United States District Court, D. Maine

March 30, 2017

GEORGE YEATON, III, Petitioner,
v.
UNITED STATES OF AMERICA, Respondent

          RECOMMENDED DECISION ON 28 U.S.C. § 2255 MOTION

          John C. Nivison U.S. Magistrate Judge

         Following the First Circuit's grant of leave to file a second or successive motion, Petitioner George Yeaton, III, moves, pursuant to 28 U.S.C. § 2255, to vacate, set aside or correct his sentence. (Motion, ECF No. 38; Yeaton v. United States, No. 16-1667 (1st Cir. June 21, 2016).)[1] After a guilty plea, Petitioner was convicted of being a felon in possession of a firearm; the Court found Petitioner to be an armed career criminal, pursuant to the Armed Career Criminal Act (ACCA), 18 U.S.C. § 924(e)(1). The Court sentenced Petitioner to 400 months in prison. (Judgment, ECF No. 32 at 1-2.)

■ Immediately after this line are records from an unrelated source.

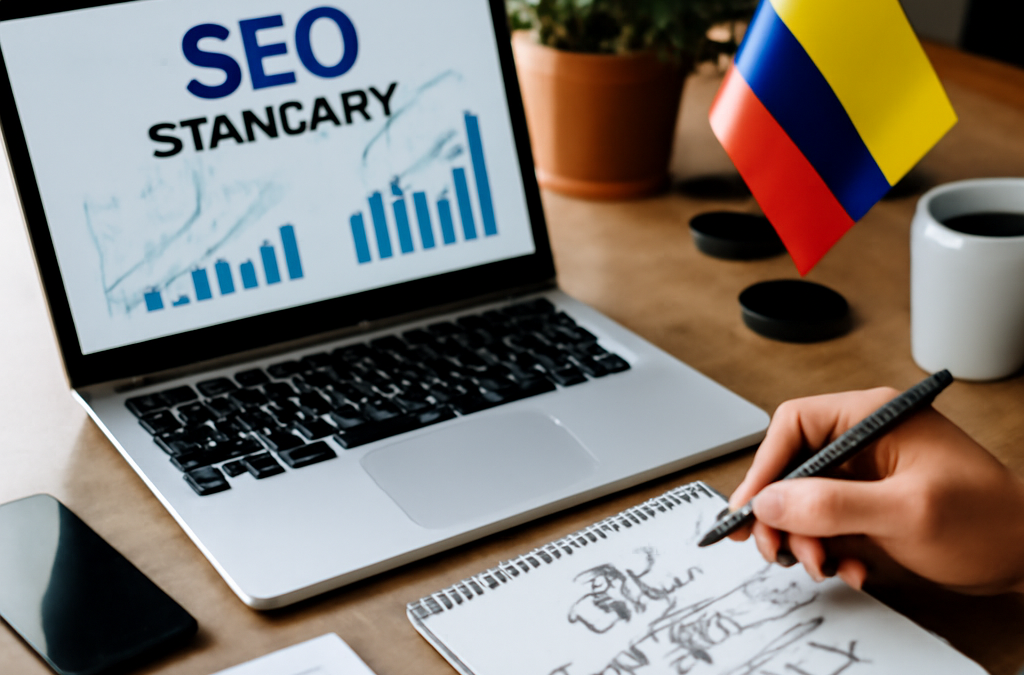 Estrategias SEO para Páginas Corporativas en Colombia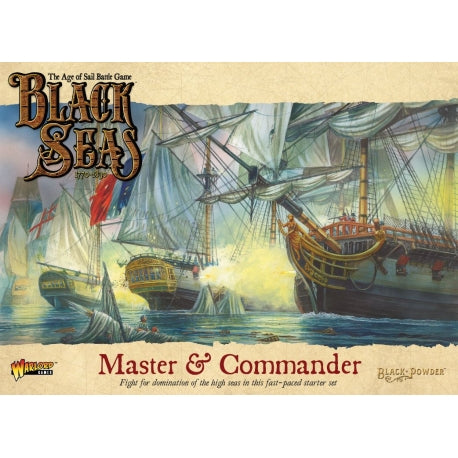 Black Seas Master & Commander Starter Set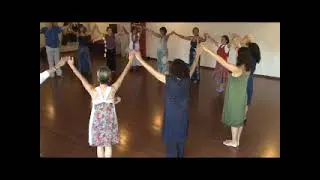 SALVE in Brasilia - Sacred Circle Dance choreography by Bobbi Bailin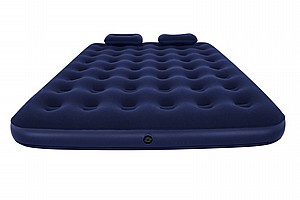 מזרן מתנפח זוגי + זוג כריות מובנות BESTWAY דגם 67374 מזרן מתנפח זוגי + זוג כריות מובנות BESTWAY דגם 67374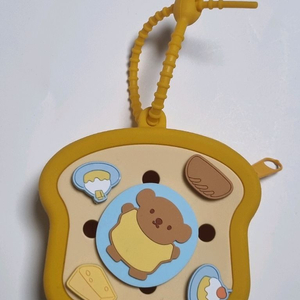 미피 보리스 지비츠 실리콘 파우치 키링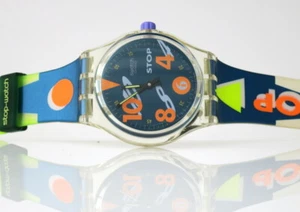 MOVIMENTO - SWATCH STOP-WATCH - SSK102 - NEU und ungetragen - Bild 1 von 3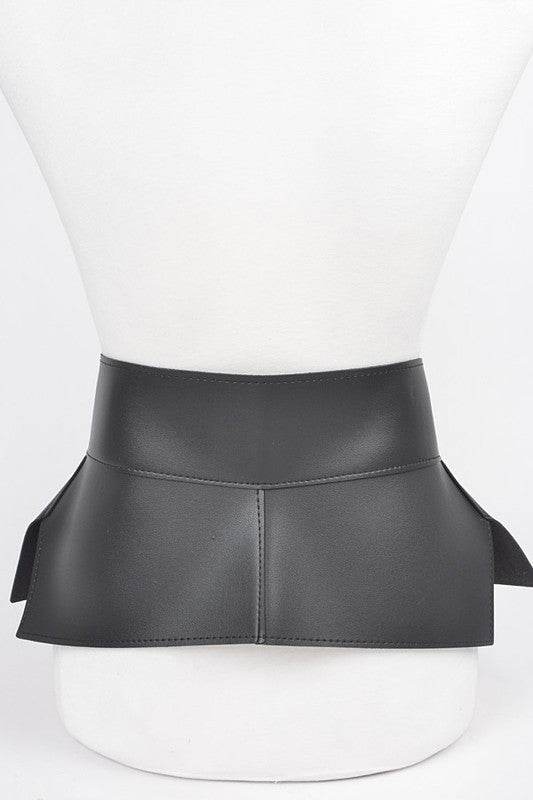 Chain Accent Faux Leather Skirt Belt - Shop Style & More | Fresh Looks, Everyday Deals & Free Shipping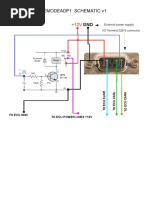 Bemodeadp1 Schematic V1: External Power Supply I/O Terminal DB-9 Connector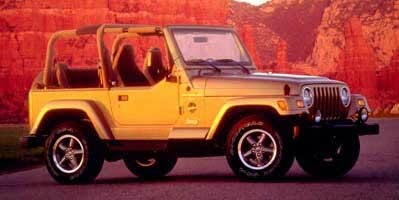 1999 Jeep Wrangler SE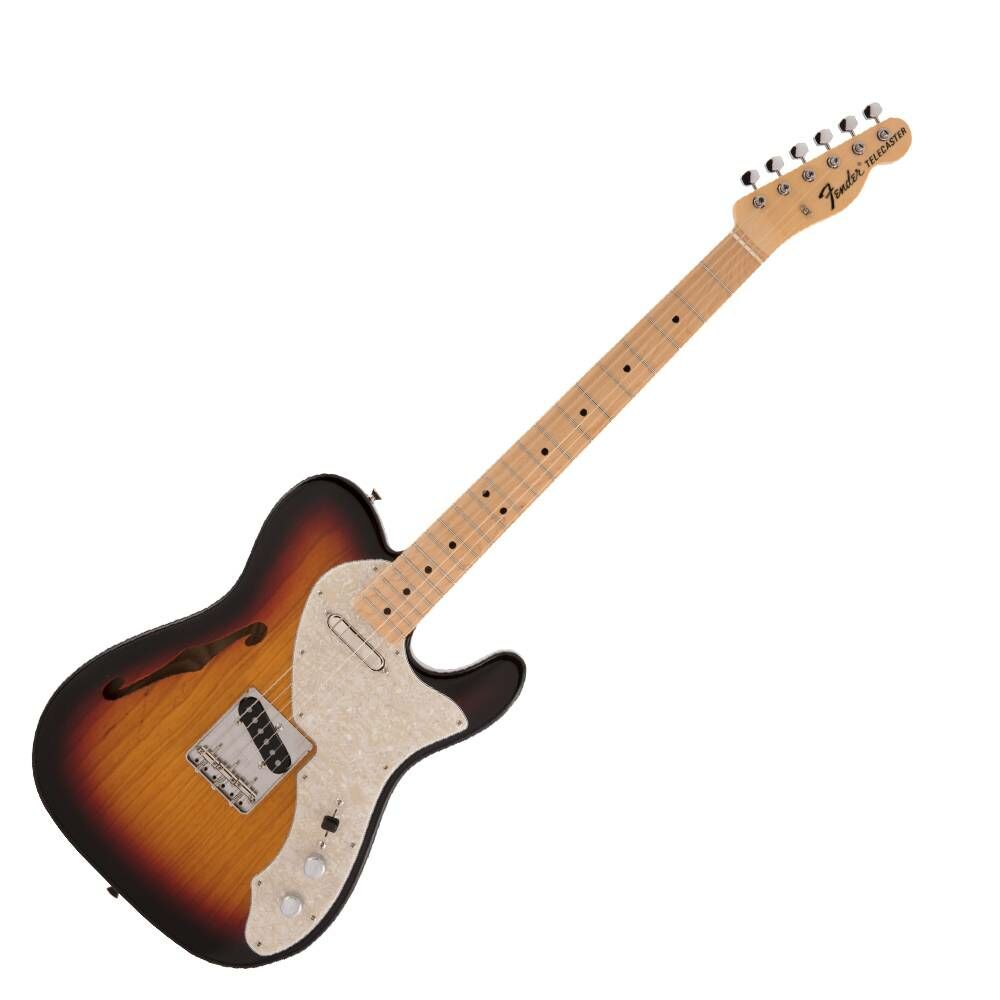 Fender MIJ Heritage 60s Telecaster Thinline 電吉他 公司貨【宛伶樂器】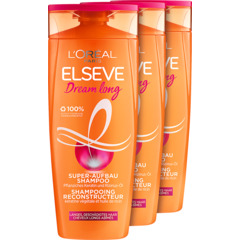 L’Oréal Elseve Shampooing Dream Long 3 x 250 ml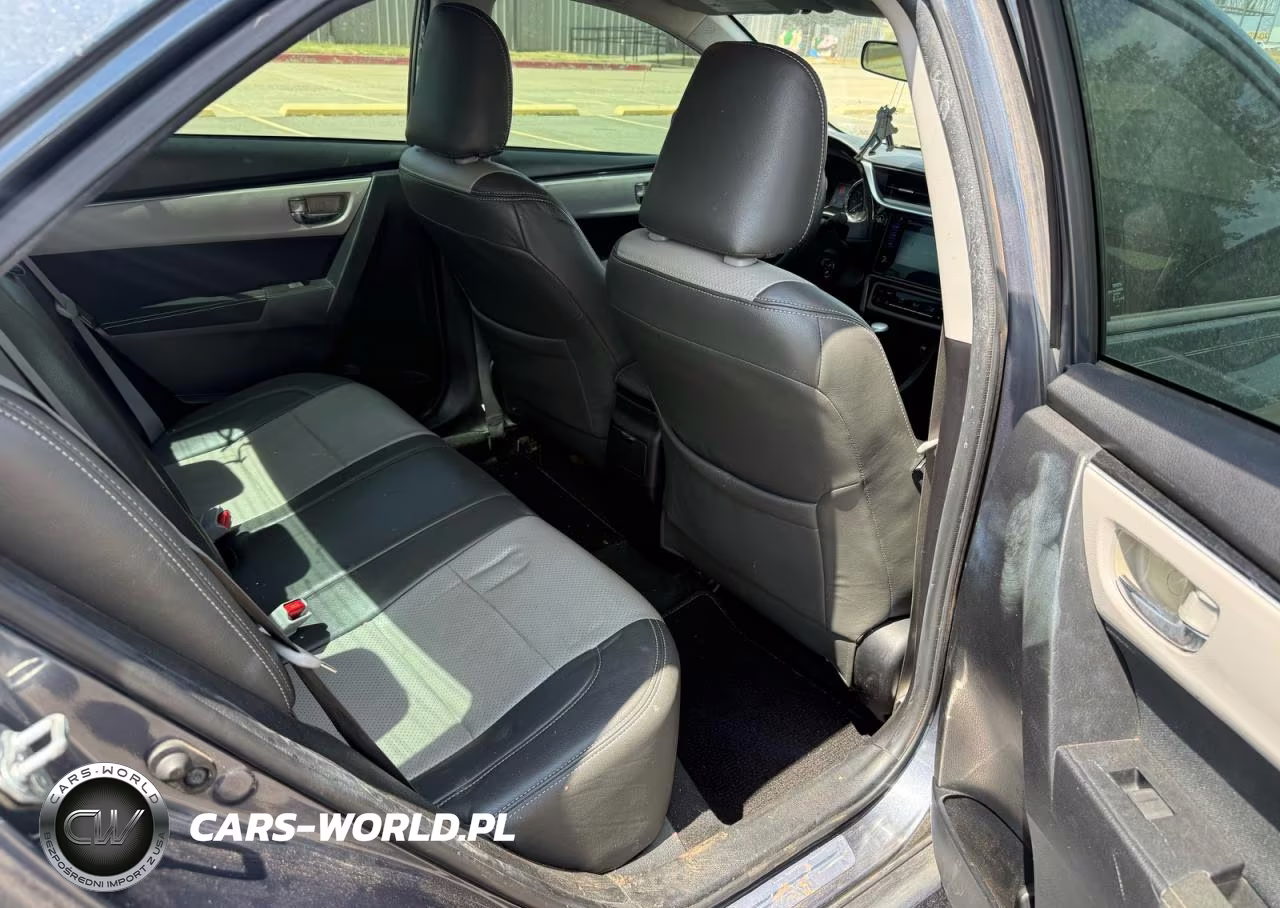 2017 Toyota Corolla Le VIN:5YFBURHE7HP604728 - 6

         In his pending section 2255 motion, Petitioner challenges his sentence based on Johnson v. United States, __ U.S. __, 135 S.Ct. 2551 (2015) (Johnson II).[2] He argues that his two prior Maine burglary convictions do not qualify as ACCA predicate offenses following Mathis v. United States, __ U.S. __, 136 S.Ct. 2243 (2016). (Reply, ECF No. 45.) He also argues that his two prior Maine robbery convictions and his prior Maine conviction for terrorizing with a dangerous weapon do not qualify as ACCA predicates under the “force clause, ” section 924(e)(2)(B)(i). (Id.)

         Following a review of Petitioner's motion, the Government's request for dismissal, and the record, I recommend that the Court deny Petitioner's section 2255 motion, but that the Court grant a certificate of appealability as set forth below.

         I. Factual Background and Procedural History

         Petitioner was indicted in December 2004 for being a felon in possession of a firearm, pursuant to 18 U.S.C. §§ 922(g)(1), 924(e). (Indictment, ECF No. 1.) The indictment alleged several prior Maine state felony convictions, including the following: a 1986 robbery conviction (No. CR-85-350, Me. Super. Ct., Oxford Cty., Jan. 15, 1986); a 1988 terrorizing conviction (No. CR-87-589, Me. Super. Ct., Ken. Cty, Jan. 20, 1988); a 1989 robbery conviction (No. CR-89-78, Me. Super. Ct., And. Cty., Feb. 9, 1989); a 1994 burglary conviction (No. CR-94-167, Me. Super. Ct., Oxf. Cty., Nov. 2, 1994); and a 1998 burglary conviction (No. CR-97-716, Me. Super. Ct., And. Cty., Apr. 6, 1998).[3](Id. at 1-2.)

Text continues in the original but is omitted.